Le tournant du roman intervient avec l'attaque japonaise de Pearl Harbour en 1941. Aussitôt, toute la communauté immigrée de Californie devient suspecte, et l'on découvre la chasse aux sorcières qui diabolise l'homme de main japonais, le jardinier japonais, le cuisinier japonais, le fermier japonais...
Les maris disparaissent, les femmes et les enfants sont ostracisés et se terrent.
Puis c'est l'ordre d'interner toute la communauté japonaise dans des camps situés dans le désert ou dans les Etats de l'intérieur (les terres à betteraves ont besoin de main-d'oeuvre...). Ces gens abandonnent leurs maigres biens si chichement amassés, les jeunes qui s'étaient américanisés doivent renoncer à l'Amérique, et tous sont parqués jusqu'à la fin de la guerre.
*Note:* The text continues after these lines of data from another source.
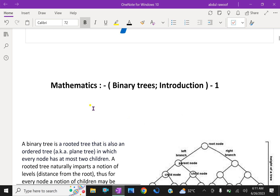Welcome to aminacademy.com. In mathematics, let us discuss about binary trees — some introduction.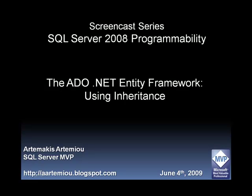Thank you for watching this screencast. This demo was a simple approach towards using inheritance in the ADO.NET Entity Framework. Make sure you check back soon for new screencasts featuring even more complex data applications using the ADO.NET Entity Framework.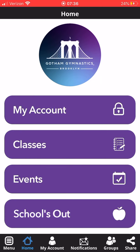Hey everybody, Coach David here. Today I'm going to show you how to register for classes in Gotham To Go using your Gotham app. The first thing you want to do, if you haven't downloaded the Gotham gymnastics app from the app store, just search Gotham Gymnastics.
Leurs quelques voisins et amis américains manifestent bien un peu d'inquiétude, mais ce sentiment cédera vite la place à l'oubli.
Je ne connaissais pas cette page de l'histoire des Etats-Unis, terre d'immigration.
Julie Otsuka est née en Californie en 1962, et son grand-père et sa famille connurent l'internement dans un camp de l'Utah. Elle explique dans une interview (Huffington Post, 23/04/2013) qu'il lui fallut 8 ans pour écrire ce récit, extrêmement bien documenté.
NB : Isabelle, tu DOIS lire ce livre si ce n'est déjà fait !
--> Voir ma page de lectures d'Asie et Océanie...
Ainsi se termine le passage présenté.